▸ **SOURCE INFORMATION**
☆ ☆ ☆ ☆ ☆
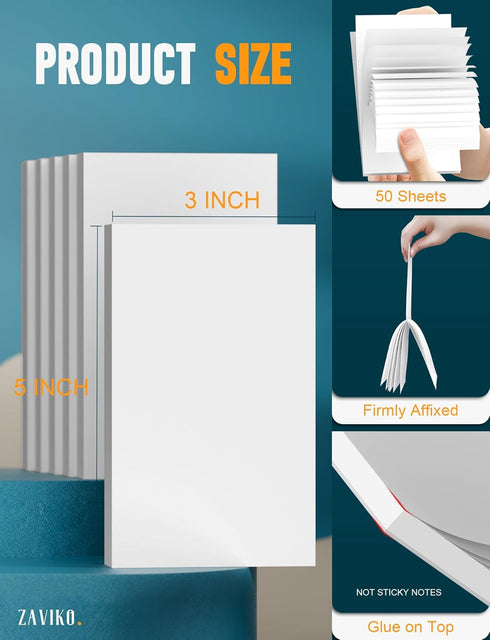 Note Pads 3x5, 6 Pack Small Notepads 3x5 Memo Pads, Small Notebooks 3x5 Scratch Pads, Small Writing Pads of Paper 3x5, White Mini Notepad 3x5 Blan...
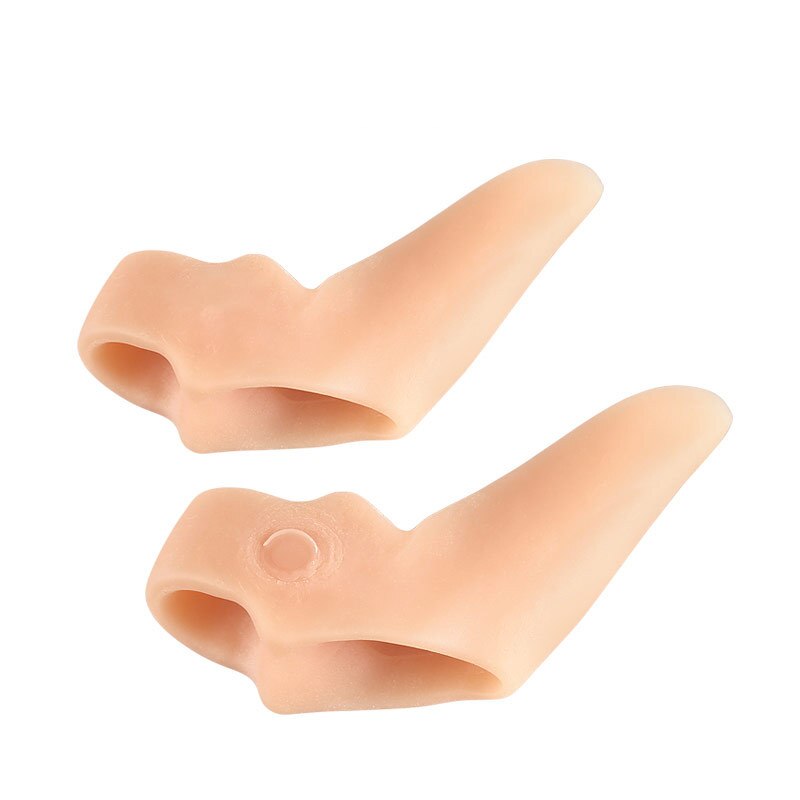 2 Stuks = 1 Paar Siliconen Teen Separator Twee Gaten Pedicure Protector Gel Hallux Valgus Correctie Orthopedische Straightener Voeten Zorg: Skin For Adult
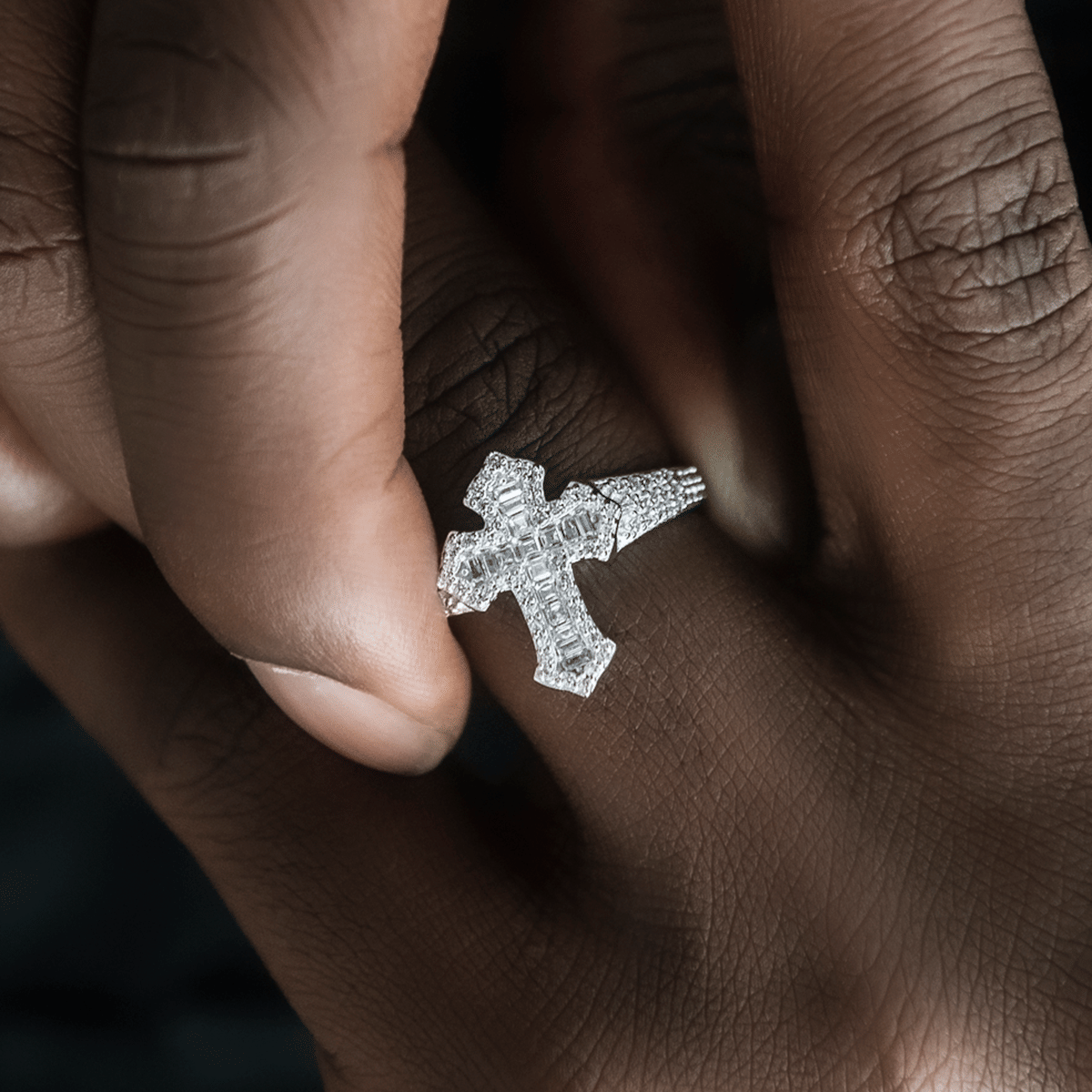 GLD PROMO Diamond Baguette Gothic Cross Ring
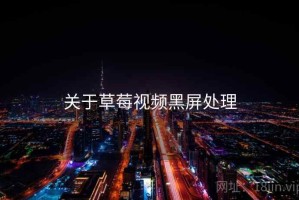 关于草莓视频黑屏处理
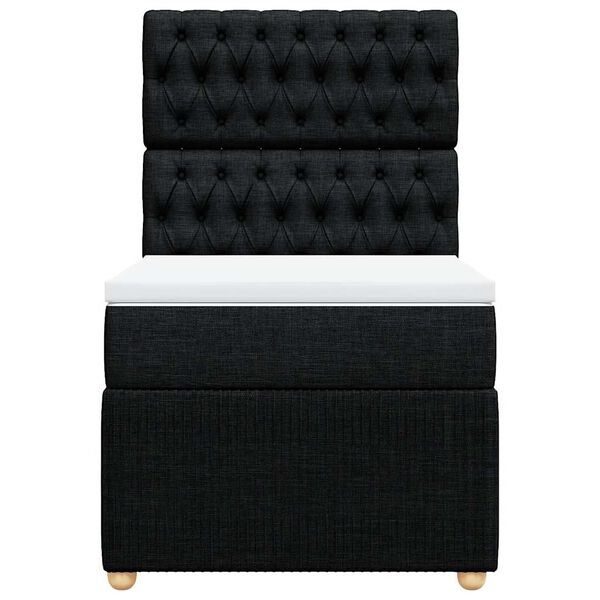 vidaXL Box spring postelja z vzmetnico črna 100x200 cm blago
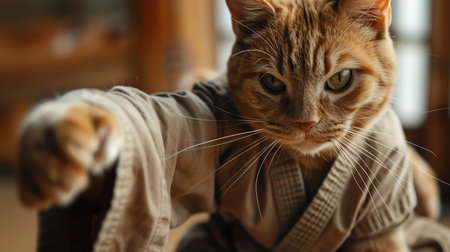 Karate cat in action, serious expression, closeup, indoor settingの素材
☆ ☆ ☆ ☆ ☆
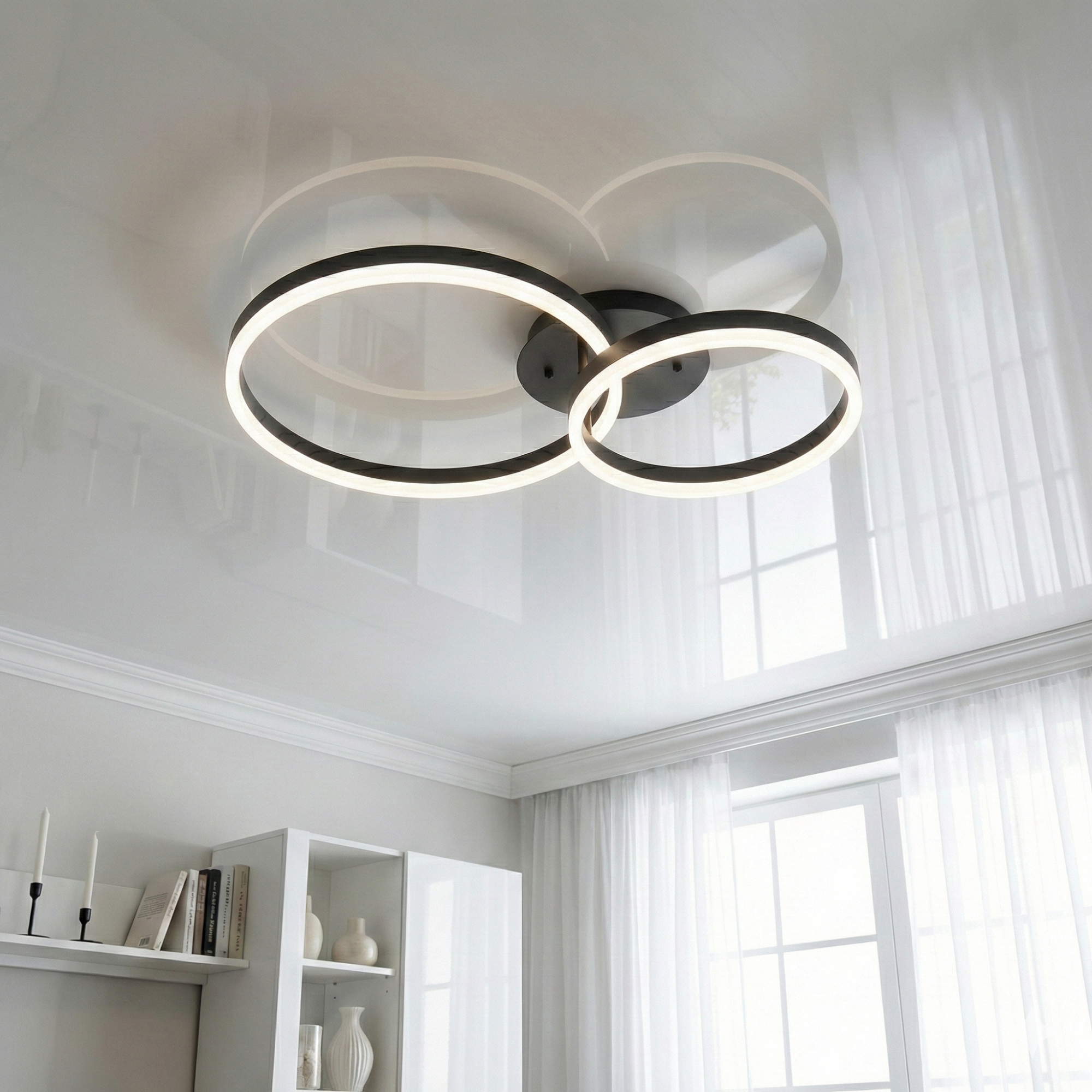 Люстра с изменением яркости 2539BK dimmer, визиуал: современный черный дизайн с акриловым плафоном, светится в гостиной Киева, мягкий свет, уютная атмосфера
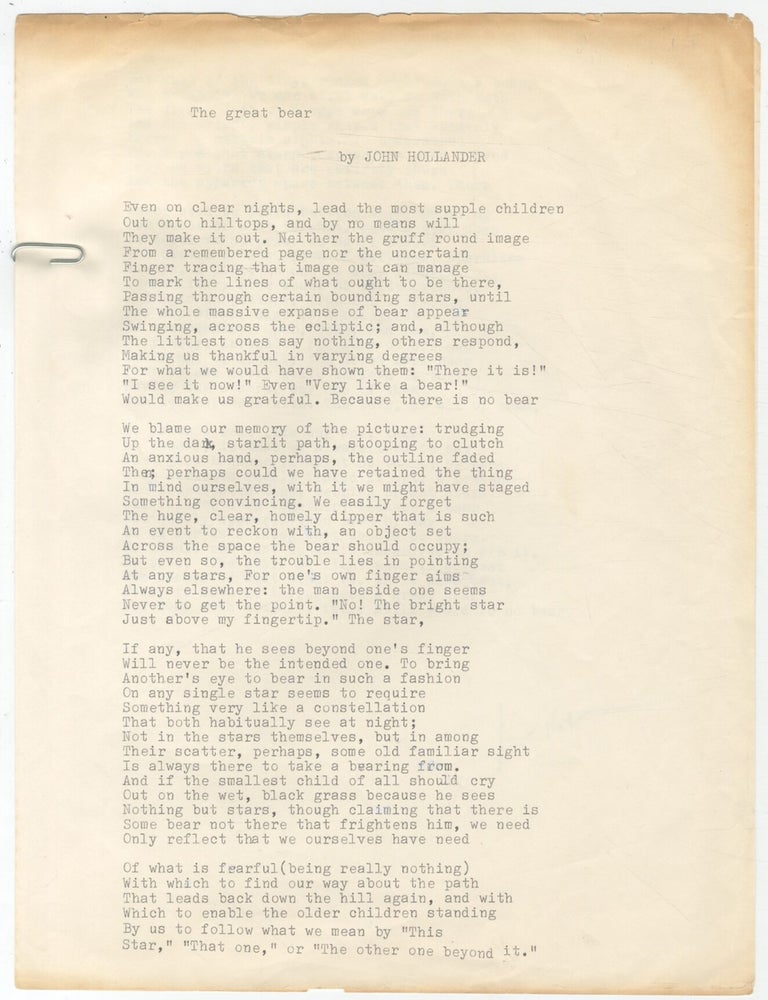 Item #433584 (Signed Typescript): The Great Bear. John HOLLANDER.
☆ ☆ ☆ ☆ ☆
In the data above, start at the line holding "2 Stuks = 1" and stop after the line holding "Karate cat in"; write out those lines exactly, without pictures.

▸ **ANSWER FOR THE TASK**
 2 Stuks = 1 Paar Siliconen Teen Separator Twee Gaten Pedicure Protector Gel Hallux Valgus Correctie Orthopedische Straightener Voeten Zorg: Skin For Adult
 GLD PROMO Diamond Baguette Gothic Cross Ring
 关于草莓视频黑屏处理
 vidaXL Box spring postelja z vzmetnico črna 100x200 cm blago
 Karate cat in action, serious expression, closeup, indoor settingの素材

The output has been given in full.